Supplied records:
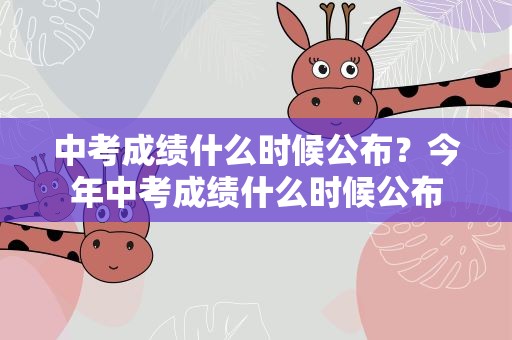 中考成绩什么时候公布？今年中考成绩什么时候公布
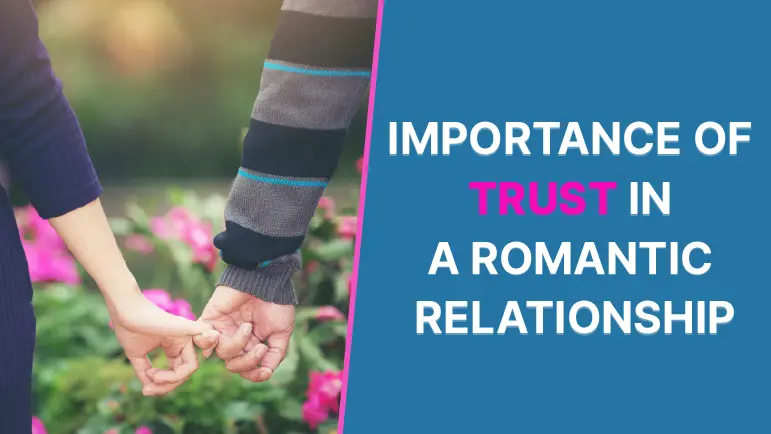 Trust in Romantic Relationship:5 Surprising Importance of Trust in a Romantic Relationship
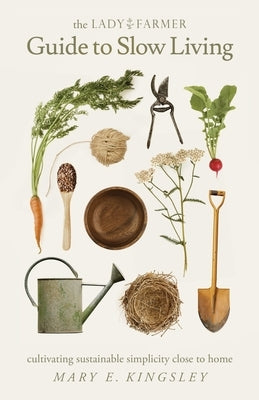 The Lady Farmer Guide to Slow Living: Cultivating Sustainable Simplicity Close to Home Paperback Lady Farmer
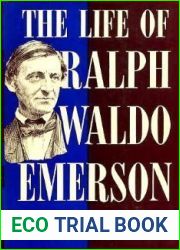 The Life of Ralph Waldo Emerson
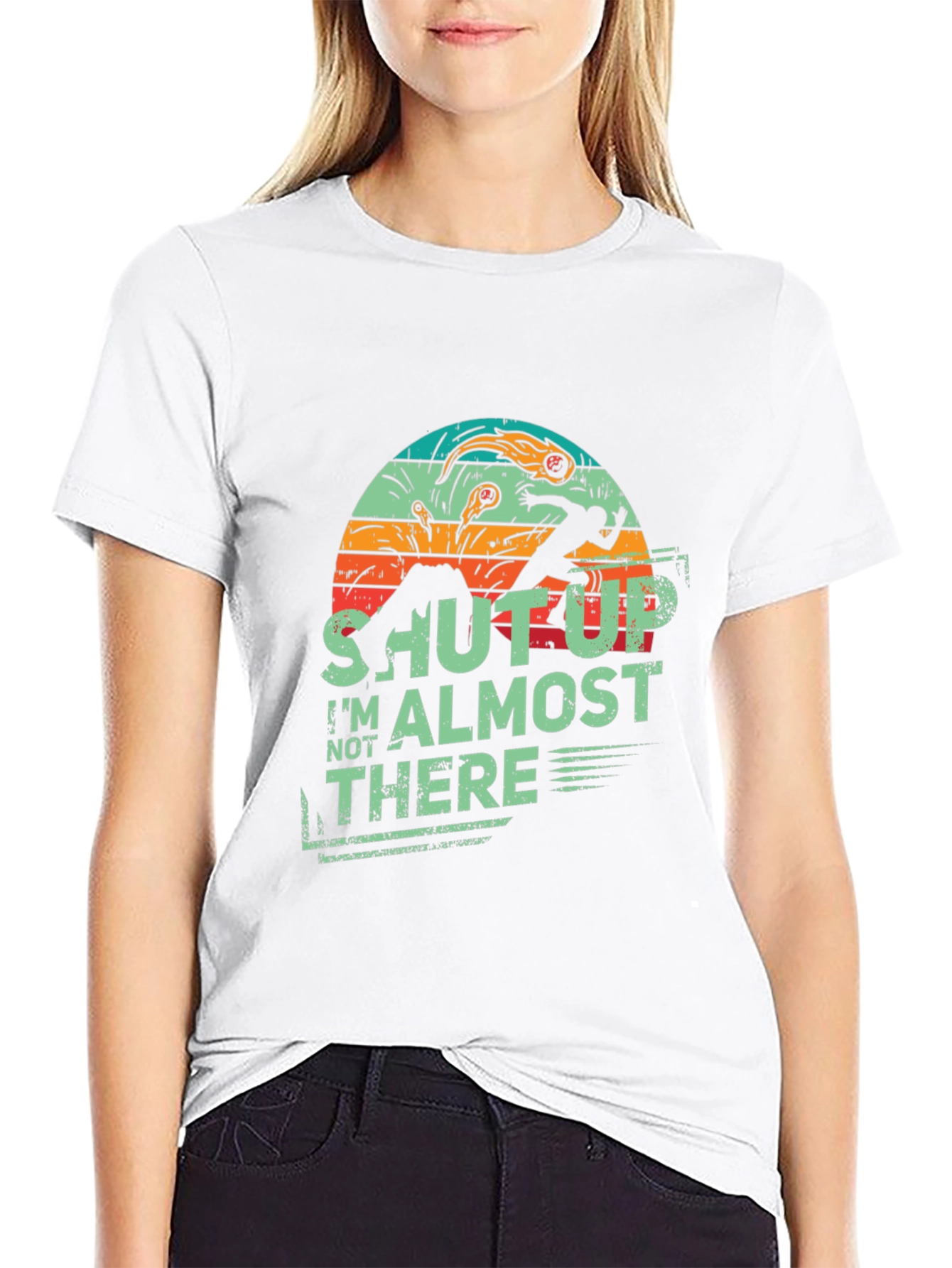 Shut Up Im Almost There Retro Style Tee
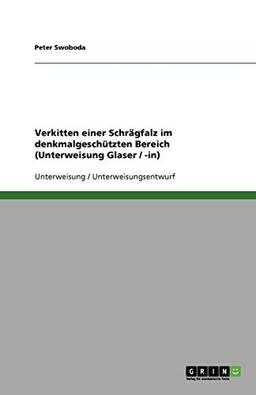 Verkitten einer Schrägfalz im denkmalgeschützten Bereich (Unterweisung Glaser / -in)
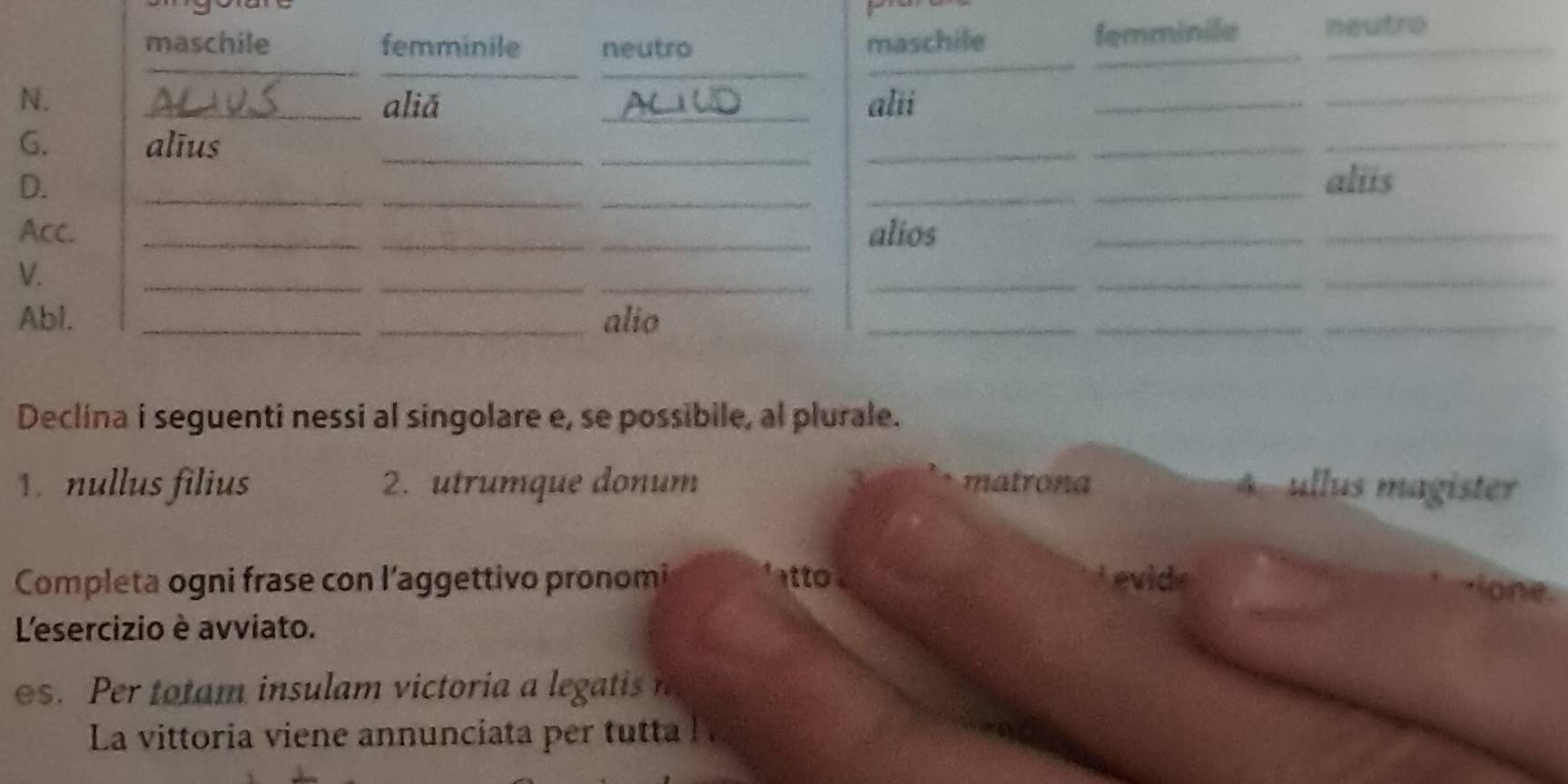 maschile femminile neutro maschile_
femminile neutro
_
_
_
_
N. _aliǎ _alii_
_
G. alīus_
_
_
_
_
__
D. ___aliis
Acc. ___alios_
_
__
V.
_
_
_
_
Abl. __alio
_
_
_
Declina i seguenti nessi al singolare e, se possibile, al plurale.
nllus filius 2. utrumque donum matrona 4 ullus magister
Completa ogni frase con l’aggettivo pronomi to Levide
lone.
L'esercizio è avviato.
s. e o m insu am victori l gattis 
La vittoria viene annunciata per tutta l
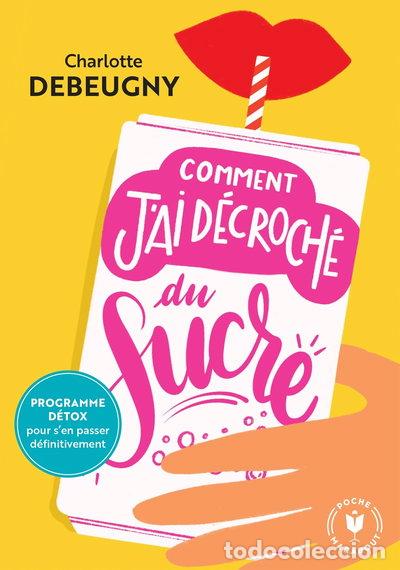 Libros: Comment j'ai d&eacute;croch&eacute; du sucre- 9782501150361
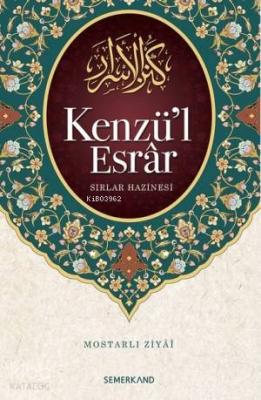 Kenzü'l Esrar Mostarlı Ziya-i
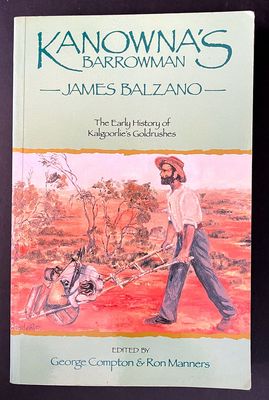 Kanowna’s Barrowman: James Balzano, 1859–1948: The Early History of Kalgoorlie’s Goldrushes edited by George Compton and Ron Manners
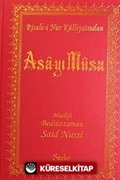 Asa-yı Musa (Büyük Boy Şamua Vinleks Ciltli)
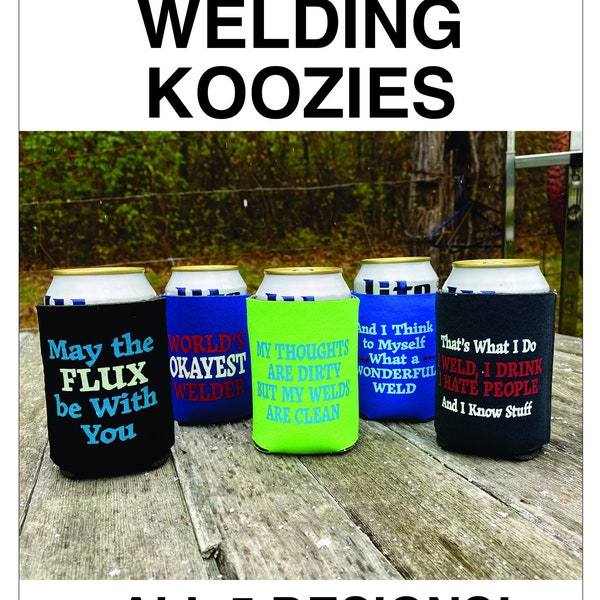 Lot of 5 Welding Welder Fabricator Can beer soda beverage holder cooler Funny Great Gift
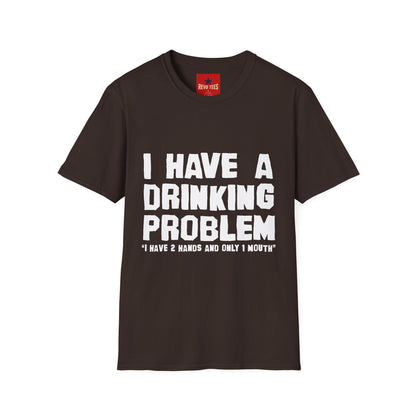 I Have A Drinking Problem - Unisex Softstyle T-Shirt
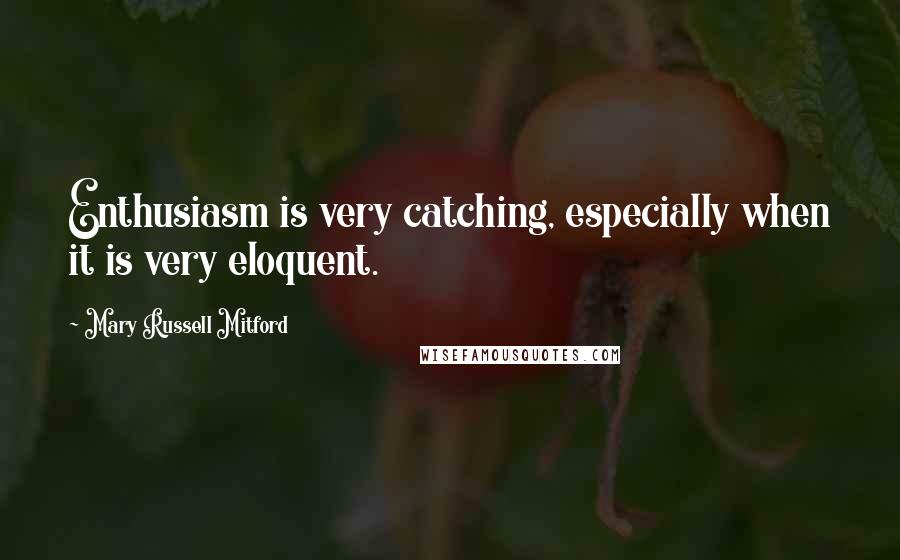 Mary Russell Mitford Quotes: Enthusiasm is very catching, especially when it is very eloquent.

Directions: Of all the material above, only the lines from the one that has "Verkitten einer Schrägfalz" down to the one that has "Declina i seguenti" are to be written out, exactly and with both ends included. Pictures are skipped.

Exercise response:
 Verkitten einer Schrägfalz im denkmalgeschützten Bereich (Unterweisung Glaser / -in)
 maschile femminile neutro maschile_
femminile neutro
_
_
_
_
N. _aliǎ _alii_
_
G. alīus_
_
_
_
_
__
D. ___aliis
Acc. ___alios_
_
__
V.
_
_
_
_
Abl. __alio
_
_
_
Declina i seguenti nessi al singolare e, se possibile, al plurale.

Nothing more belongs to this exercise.